TASK PROMPT:
Retype exactly the lines below, beginning with the first and ending with the line where "Silver Used 2020" appears.

BEGIN MATERIAL SUPPLIED

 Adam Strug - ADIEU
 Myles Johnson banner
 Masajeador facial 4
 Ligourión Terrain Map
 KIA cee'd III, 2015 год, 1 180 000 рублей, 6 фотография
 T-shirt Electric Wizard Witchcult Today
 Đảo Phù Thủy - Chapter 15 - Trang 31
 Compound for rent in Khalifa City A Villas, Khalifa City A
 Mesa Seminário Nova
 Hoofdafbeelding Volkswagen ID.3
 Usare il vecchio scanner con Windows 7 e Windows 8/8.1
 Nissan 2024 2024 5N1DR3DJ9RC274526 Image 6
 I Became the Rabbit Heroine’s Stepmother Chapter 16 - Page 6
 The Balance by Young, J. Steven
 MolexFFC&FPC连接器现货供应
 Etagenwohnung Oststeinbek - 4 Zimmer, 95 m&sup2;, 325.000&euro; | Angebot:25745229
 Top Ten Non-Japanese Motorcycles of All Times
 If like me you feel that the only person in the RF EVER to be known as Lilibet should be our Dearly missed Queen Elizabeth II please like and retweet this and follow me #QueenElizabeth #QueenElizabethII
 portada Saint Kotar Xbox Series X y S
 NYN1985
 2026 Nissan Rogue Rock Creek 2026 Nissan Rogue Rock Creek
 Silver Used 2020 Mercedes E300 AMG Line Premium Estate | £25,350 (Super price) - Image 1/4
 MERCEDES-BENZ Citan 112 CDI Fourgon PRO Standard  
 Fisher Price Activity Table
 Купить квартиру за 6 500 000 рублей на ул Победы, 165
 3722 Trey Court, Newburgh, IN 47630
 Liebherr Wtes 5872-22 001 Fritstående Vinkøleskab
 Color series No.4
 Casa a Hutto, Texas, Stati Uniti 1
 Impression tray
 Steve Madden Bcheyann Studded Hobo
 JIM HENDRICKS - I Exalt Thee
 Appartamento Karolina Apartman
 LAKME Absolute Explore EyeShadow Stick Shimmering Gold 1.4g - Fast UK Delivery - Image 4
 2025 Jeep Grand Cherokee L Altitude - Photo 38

END MATERIAL SUPPLIED

EXERCISE SOLUTION:
 Adam Strug - ADIEU
 Myles Johnson banner
 Masajeador facial 4
 Ligourión Terrain Map
 KIA cee'd III, 2015 год, 1 180 000 рублей, 6 фотография
 T-shirt Electric Wizard Witchcult Today
 Đảo Phù Thủy - Chapter 15 - Trang 31
 Compound for rent in Khalifa City A Villas, Khalifa City A
 Mesa Seminário Nova
 Hoofdafbeelding Volkswagen ID.3
 Usare il vecchio scanner con Windows 7 e Windows 8/8.1
 Nissan 2024 2024 5N1DR3DJ9RC274526 Image 6
 I Became the Rabbit Heroine’s Stepmother Chapter 16 - Page 6
 The Balance by Young, J. Steven
 MolexFFC&FPC连接器现货供应
 Etagenwohnung Oststeinbek - 4 Zimmer, 95 m&sup2;, 325.000&euro; | Angebot:25745229
 Top Ten Non-Japanese Motorcycles of All Times
 If like me you feel that the only person in the RF EVER to be known as Lilibet should be our Dearly missed Queen Elizabeth II please like and retweet this and follow me #QueenElizabeth #QueenElizabethII
 portada Saint Kotar Xbox Series X y S
 NYN1985
 2026 Nissan Rogue Rock Creek 2026 Nissan Rogue Rock Creek
 Silver Used 2020 Mercedes E300 AMG Line Premium Estate | £25,350 (Super price) - Image 1/4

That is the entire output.